**Problem statement:**
Supply the number of lines below containing "type", nothing else.

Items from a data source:
═══

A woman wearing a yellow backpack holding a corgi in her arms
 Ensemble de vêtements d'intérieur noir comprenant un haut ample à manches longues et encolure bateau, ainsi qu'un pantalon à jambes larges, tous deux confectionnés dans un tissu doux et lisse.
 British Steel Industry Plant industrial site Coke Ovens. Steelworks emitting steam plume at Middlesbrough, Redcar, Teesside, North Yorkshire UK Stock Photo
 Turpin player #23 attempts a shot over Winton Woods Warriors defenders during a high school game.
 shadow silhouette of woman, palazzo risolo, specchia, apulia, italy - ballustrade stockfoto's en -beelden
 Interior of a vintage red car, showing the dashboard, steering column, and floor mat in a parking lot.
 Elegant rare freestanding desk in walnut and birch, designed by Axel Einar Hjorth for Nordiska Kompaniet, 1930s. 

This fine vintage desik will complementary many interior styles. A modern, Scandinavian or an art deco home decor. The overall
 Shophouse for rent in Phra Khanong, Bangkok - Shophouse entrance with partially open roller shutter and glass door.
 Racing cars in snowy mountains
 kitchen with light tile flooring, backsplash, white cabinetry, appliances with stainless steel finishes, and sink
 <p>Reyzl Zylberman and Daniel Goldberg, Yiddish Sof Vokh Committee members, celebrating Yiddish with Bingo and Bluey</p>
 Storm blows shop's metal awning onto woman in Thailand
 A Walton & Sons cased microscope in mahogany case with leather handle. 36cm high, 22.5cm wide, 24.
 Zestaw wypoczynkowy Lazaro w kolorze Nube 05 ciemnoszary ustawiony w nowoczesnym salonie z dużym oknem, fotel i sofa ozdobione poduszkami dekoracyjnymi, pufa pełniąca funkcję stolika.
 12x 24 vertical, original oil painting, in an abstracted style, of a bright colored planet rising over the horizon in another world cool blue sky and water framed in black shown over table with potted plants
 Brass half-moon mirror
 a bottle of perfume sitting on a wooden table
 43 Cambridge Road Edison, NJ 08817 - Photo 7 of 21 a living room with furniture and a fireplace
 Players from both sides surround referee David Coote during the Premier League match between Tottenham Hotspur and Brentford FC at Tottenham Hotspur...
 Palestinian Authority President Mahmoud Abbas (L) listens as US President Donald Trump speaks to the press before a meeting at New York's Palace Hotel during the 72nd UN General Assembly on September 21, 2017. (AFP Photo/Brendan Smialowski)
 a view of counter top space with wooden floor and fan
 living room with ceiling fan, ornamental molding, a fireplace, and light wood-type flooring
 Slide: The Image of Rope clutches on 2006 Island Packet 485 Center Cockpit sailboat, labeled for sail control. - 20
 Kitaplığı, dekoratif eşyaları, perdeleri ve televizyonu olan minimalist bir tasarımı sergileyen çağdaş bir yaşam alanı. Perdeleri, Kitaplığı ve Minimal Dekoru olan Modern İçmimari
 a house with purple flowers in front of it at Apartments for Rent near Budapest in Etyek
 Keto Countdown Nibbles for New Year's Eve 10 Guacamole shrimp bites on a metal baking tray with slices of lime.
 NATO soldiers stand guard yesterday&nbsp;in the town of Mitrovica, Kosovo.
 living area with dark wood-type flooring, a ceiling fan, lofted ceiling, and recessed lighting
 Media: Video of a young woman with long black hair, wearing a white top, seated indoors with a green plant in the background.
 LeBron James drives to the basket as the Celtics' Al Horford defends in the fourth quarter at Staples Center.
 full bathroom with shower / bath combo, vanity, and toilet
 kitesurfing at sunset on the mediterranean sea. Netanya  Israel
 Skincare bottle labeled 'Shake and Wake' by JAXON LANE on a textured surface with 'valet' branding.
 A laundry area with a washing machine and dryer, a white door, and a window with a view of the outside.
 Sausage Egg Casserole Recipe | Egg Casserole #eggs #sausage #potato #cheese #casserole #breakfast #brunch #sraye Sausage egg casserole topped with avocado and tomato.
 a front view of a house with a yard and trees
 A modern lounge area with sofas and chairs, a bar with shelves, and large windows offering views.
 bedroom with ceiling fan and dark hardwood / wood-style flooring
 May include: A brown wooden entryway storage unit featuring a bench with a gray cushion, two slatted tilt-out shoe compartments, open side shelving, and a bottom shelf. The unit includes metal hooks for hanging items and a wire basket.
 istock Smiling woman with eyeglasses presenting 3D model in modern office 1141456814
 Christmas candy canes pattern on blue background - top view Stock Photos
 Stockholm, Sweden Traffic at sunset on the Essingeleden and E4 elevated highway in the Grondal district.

═══

**The completed task:**
2